Di gianni nuti

Prefazione

Mi rivolgo a te, pellegrino che hai avuto l’ardire di scegliere tra gli scaffali di una libreria o nell’abisso del web questo libro, non ti sei fermato alla copertina ma hai osato aprire e leggere: prosegui, anzi guarda verso il fondo, spulcia una scheda, ascolta la musica del Cd e abbandònati. Solo dopo che ti sei lasciato incantare dalla musica e ti sei chiesto il perché di questo rapimento, allora leggi la prima parte e troverai risposte, ma anche interrogativi, suggerimenti per andare oltre in questa originale, antichissima avventura salpando verso l’orizzonte con le tue personali scialuppe.

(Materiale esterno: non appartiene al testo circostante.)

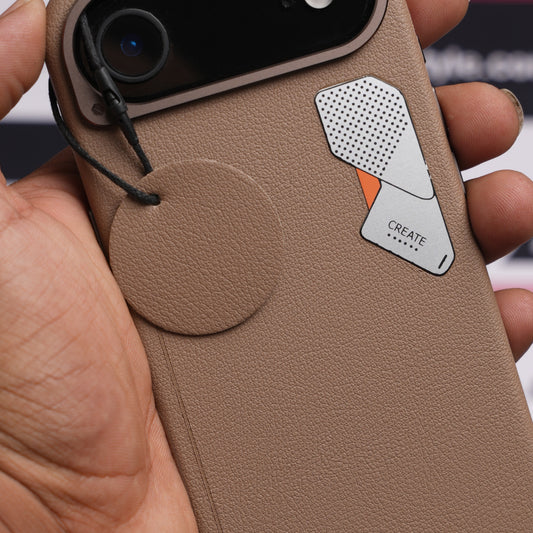 CaseBear Light Brown Vertex Leather MagSafe Case for iPhone AIR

Questo è un diario di memorie lontane, incise nel corpo di ognuno di noi mentre, come dice il poeta, “tutto d’accanto ti sciaborda, sbattono / le tende molli, un fruscio immenso rade / la terra, giù s’afflosciano stridendo / le lanterne di carta sulle strade”. Nella tempesta della modernità, pellegrino senza méta, cerca un’oasi per raccoglierti e sospendere il tuo tempo, insieme a una vita che inizia e del tempo non ha cognizione, perché è immersa in un eterno presente.

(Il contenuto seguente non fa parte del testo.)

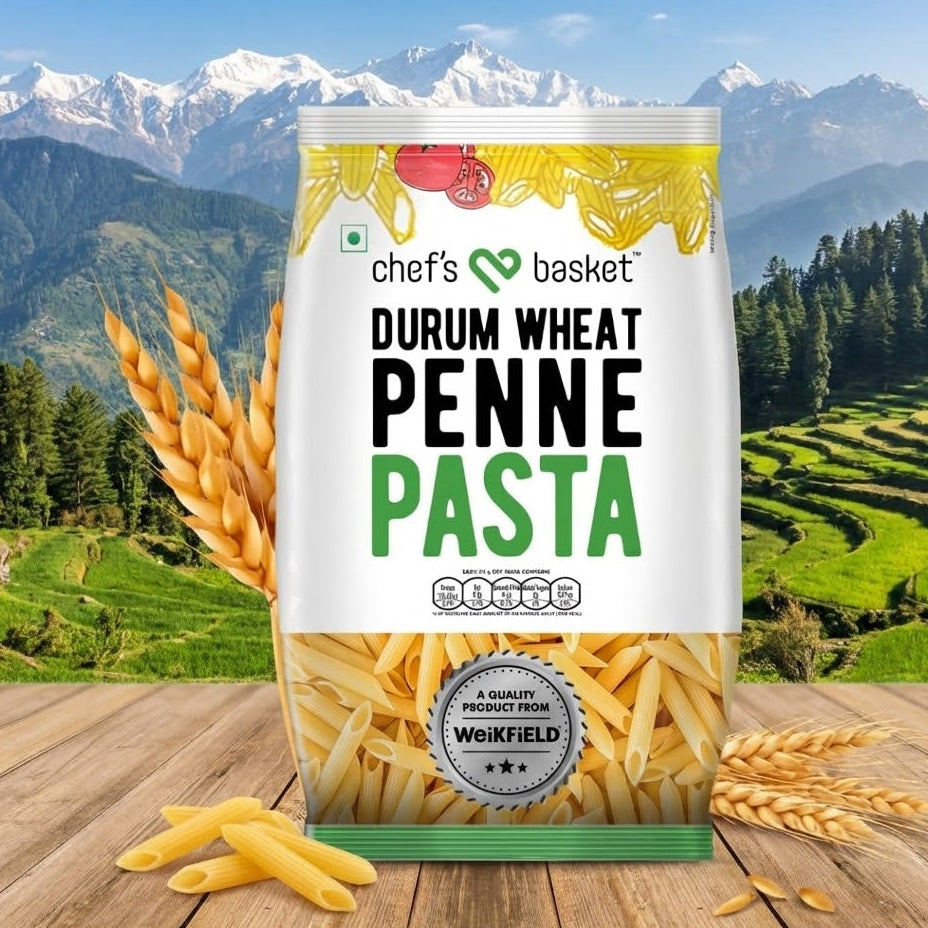 Packaging of chef's basket Durum Wheat Penne Pasta with a scenic background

Lì troverai, nelle quattro sezioni in cui sono suddivisi i canti, le quattro cose che avevi perduto e andavi cercando:

  • il tuo corpo, i suoi umori, le sottigliezze che il tatto ridesta, le ombre, le tensioni e le dolcezze…;

  • il tuo desiderio di andare, di perderti e ritrovarti, di affacciarti sui precipizi e di sederti sulla terra ferma appena dopo;

  • il tuo bisogno di una presenza intima e confortante quando stai passando il guado, stai voltando l’angolo verso un paesaggio ignoto e cerchi un contatto, pelle a pelle, caloroso e unificante;

  • infine, la volontà di liberarti dal corpo, di trascendere per ricongiungerti con le ceneri degli astri, avviluppandoti dentro una vertigine che annulla i confini, esorcizza le pene che la coscienza alimenta, goccia dopo goccia, ricordandoti che devi morire.

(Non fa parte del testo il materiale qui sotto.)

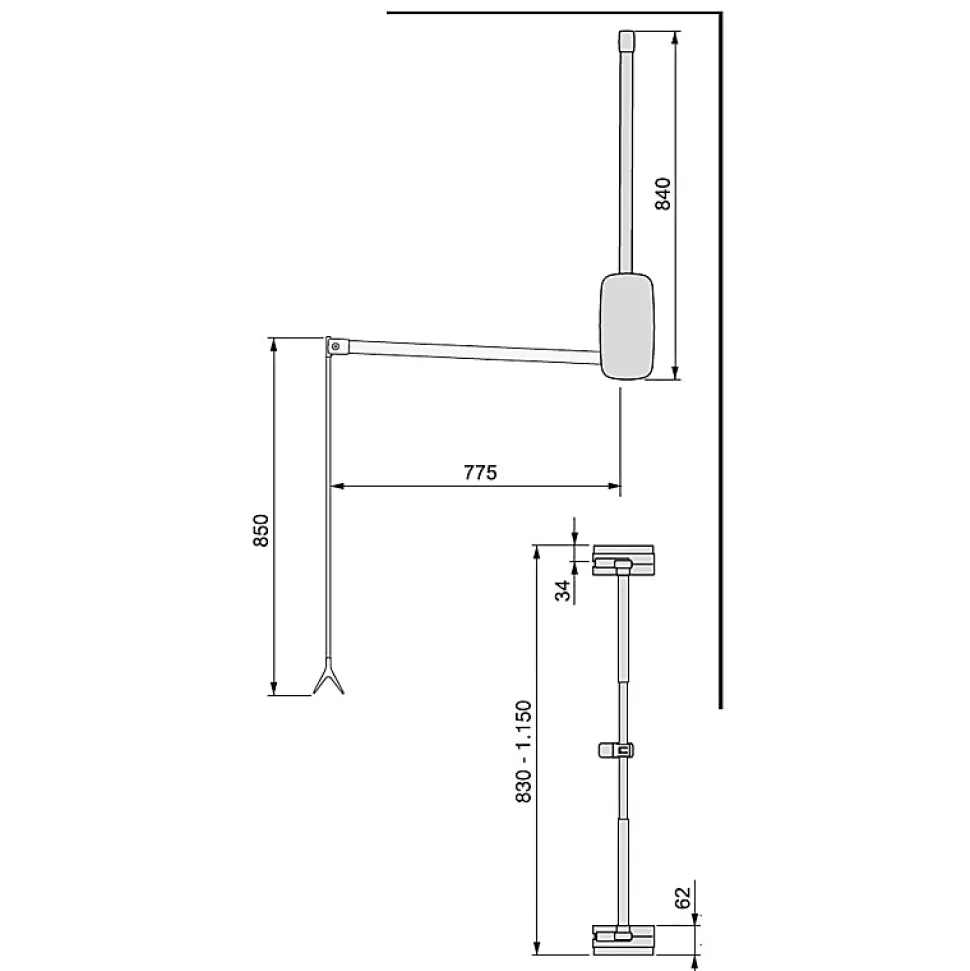 Emuca Penderie rabattable pour armoire Sling, 830 - 1150, Titane , Acier et Plastique.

L’autrice che ha pensato e desiderato questo lavoro − io la conosco da molto tempo, caro pellegrino − è arsa, fin da giovanissima, da due distinte fiamme di un solo fuoco: quello della passione per la musica semplice e quella della volontà di capire, di cercare una ragione ultima di questo potere nascosto. Cantami ancora! fa convergere le fiamme armoniosamente e accende tutte le persone che si avvicinano di una chiarità fatta di pensieri, consigli, suoni e gesti puntuali, ma non chirurgici, separati in più voci, in ruoli distinti, eppure fusi insieme con una coralità discreta, capace di agire e ascoltare insieme.


Un lavoro come questo non può smaterializzarsi come si usa fare di recente: deve essere fatto di cellulosa, deve avere un odore e un volume, deve trasudare di materia forgiata dall’uomo perché è come una lampada magica: va sfregata, scossa dal tuo occhio curioso.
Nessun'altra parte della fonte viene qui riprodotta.